▶ EXERCISE GOAL
From the material below, please set down exactly the lines starting with the one with "Sata 09029 Klucze" and going on through the one with "Opposite Sides Brick", without a single picture.

▶ MATERIAL SHOWN

((

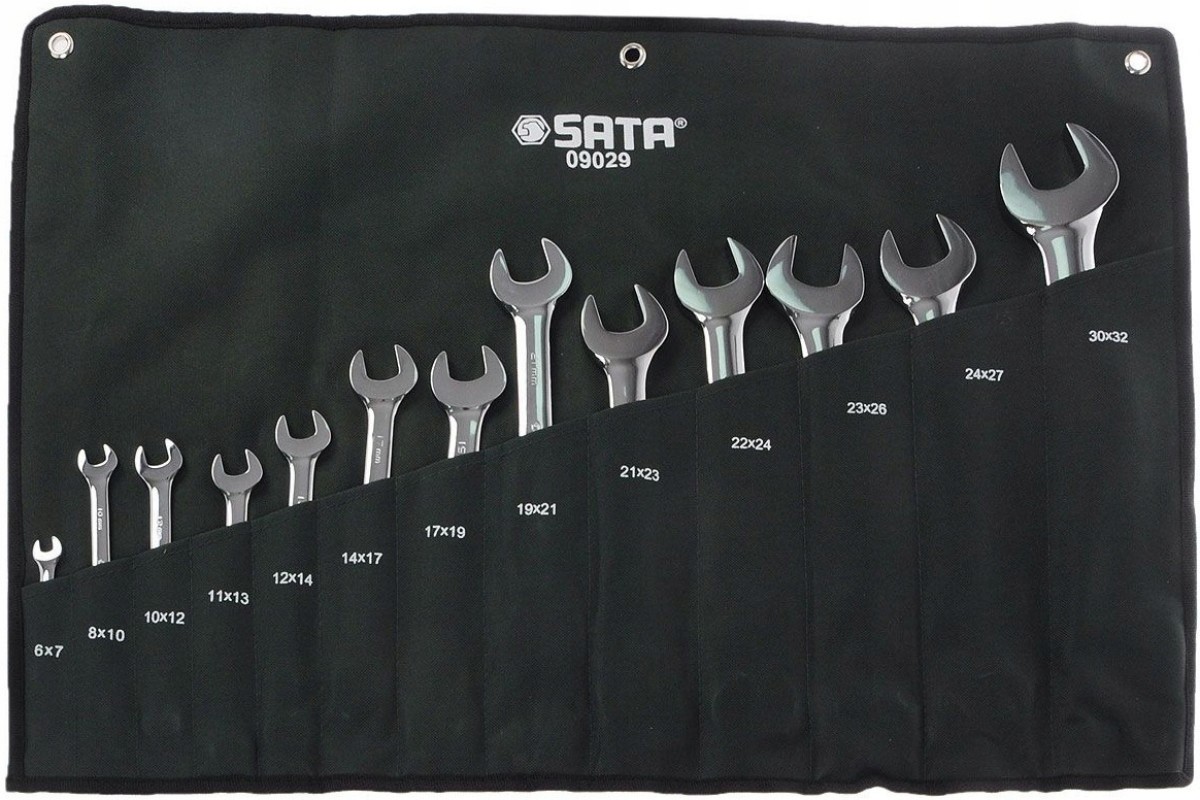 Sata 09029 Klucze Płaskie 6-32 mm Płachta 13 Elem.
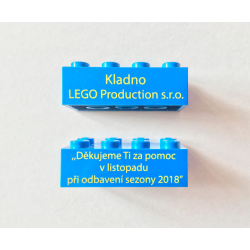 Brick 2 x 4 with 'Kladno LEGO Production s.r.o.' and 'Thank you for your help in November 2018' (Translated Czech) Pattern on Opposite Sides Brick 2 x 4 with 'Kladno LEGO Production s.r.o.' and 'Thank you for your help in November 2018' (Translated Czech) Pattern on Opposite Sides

))
((

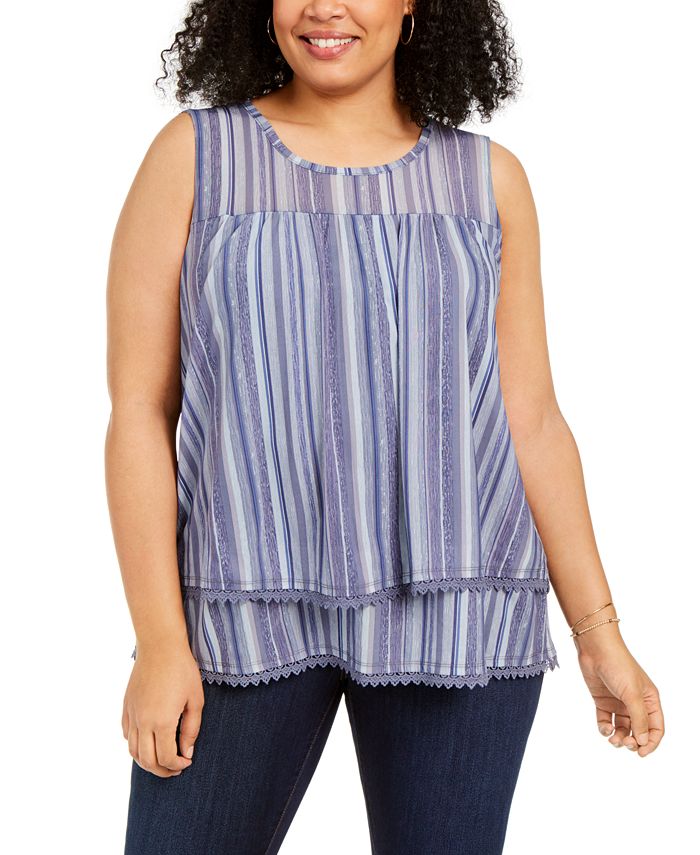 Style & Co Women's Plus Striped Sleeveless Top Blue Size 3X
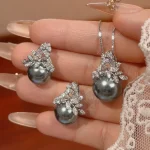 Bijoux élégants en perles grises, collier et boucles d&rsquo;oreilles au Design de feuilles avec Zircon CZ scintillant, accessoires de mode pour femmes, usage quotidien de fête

))

▶ ANSWER TO THIS TASK
 Sata 09029 Klucze Płaskie 6-32 mm Płachta 13 Elem.
 Brick 2 x 4 with 'Kladno LEGO Production s.r.o.' and 'Thank you for your help in November 2018' (Translated Czech) Pattern on Opposite Sides Brick 2 x 4 with 'Kladno LEGO Production s.r.o.' and 'Thank you for your help in November 2018' (Translated Czech) Pattern on Opposite Sides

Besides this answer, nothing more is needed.